Passing numpy arrays to matlab
david at ar.media.kyoto-u.ac.jp
Thu Nov 9 00:32:04 CST 2006
Josh Marshall wrote:
> I don't see how you are going to get around doing the copies. Matlab
> is in a separate process from the Python interpreter, and there is no
> shared memory. In what way do you want these proxy classes to "look
> like numpy arrays"?
I am not talking about the copy in the matlab <-> python interaction.
This is done through pipe, handled by the OS; I don't know the details,
but I know that communication through pipe is quite fast under linux
(see below), and is not the bottleneck.
> Note that mlabwrap creates proxy arrays, and only copies the data if
> you actually request it to. (AFAIRemember) Otherwise you aren't losing
> any speed, because there aren't going to be any copies.
There may be no copy for returned data you don't need, but that's not
the case I am talking about. For all other cases, I don't think this is
what's happening: if you take a look at mlabwrap, in the C mlabraw
module, the function mlabraw_put always calls numeric2mx for arrays,
which itself always calls makeMxFromNumeric, which makes a copy. Same in
the other direction once you call mlabwrap_get. I am doing the same in
my module, because that's the simplest thing to do.
The problem is that when you are using the function engPutVariable of
the matlab engine API, you need to give a pointer to a mxArray
structure, which is the C representation of a matlab array. You cannot
say (this is one of the brain damaged thing of matlab C api I was
talking in an other mail): build a mxArray from existing data: this is
the copy I am talking about, and this is one expensive. In the best case
(real numpy arrays with fortran storage), you can do a memcpy, but in
most cases, you need to do something which takes strides into account
(because complex matlab arrays are actually not fortran, or because by
default, most numpy arrays are C storage, and this makes a difference
for rank >= 2), which implies non-contiguous memory access, which is
*really* expensive (around 2 cycles/byte at best, on my bi Xeon 3.2 Ghz).

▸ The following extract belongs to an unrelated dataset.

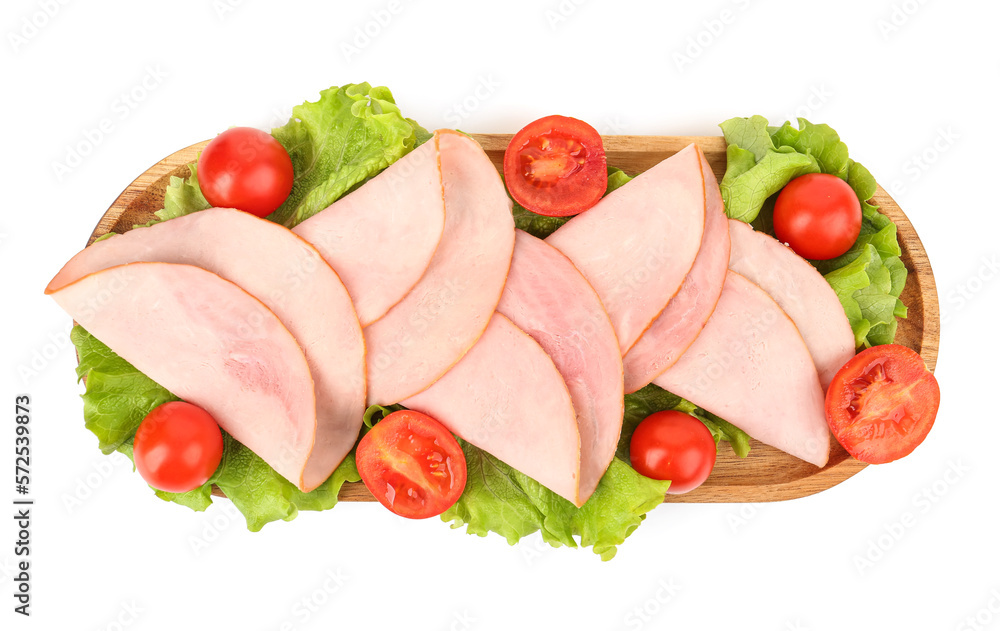 Board with tasty slices of ham, tomatoes and lettuce isolated on white background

Basically, if you want to do something like calling the resample
function of matlab on an numpy array and using the result later in
numpy, here is what's happening right now:
1 copy numpy (or numarray in the case of mlabwrap, but this should
not matter, I guess) data into an mxArray
2 send the mxArray to matlab engine: done with pipe (imply copy ? At
least, it is contiguous array copy)
3 compute the thing into matlab
4 send the result to python mxArray
5 copy the data of the mxArray to numpy array
A quick profiling show that if you don't do any processing in matlab,
just sending and getting an array back, 1 and 5 takes roughly 80-90 % of
the time in my implementation (which is faster than mlabwrap, but I
think this is just caused by the much fancier API of mlabwrap, ie the
core mecanism to pass arrays should be roughly the same, as mlabwrap
uses the C function makeMxFromNumeric, and I am using a similar function
myself through ctypes), the 10-20% are used for the communication
through the pipe. I believe that most typical usage cases involve 1 and 5.
5 should be avoidable in many cases if I know how to build a proxy class
around the mxArray so that the the proxy behaves as a numpy array, with
the buffer owned by the mxArray; but I don't know how to do that
(particularly, how to handle the destruction of data, as the proxy
should destroy the mxArray once the proxy object is garbage collected).
1 would be easy if the C matlab API was sane, which is not the case;
they give functions which are impossible to use correctly (mxSetPr and
> What could be possible to do is add an array interface to the mlabwrap
> proxy classes so they can be used as numpy arrays when required for
> passing to numpy functions (or PIL, etc). Thus we only copy when we
> want to use numpy functions. Then we could define the operators on the
> proxy class to perform their operations on the other side of the bridge.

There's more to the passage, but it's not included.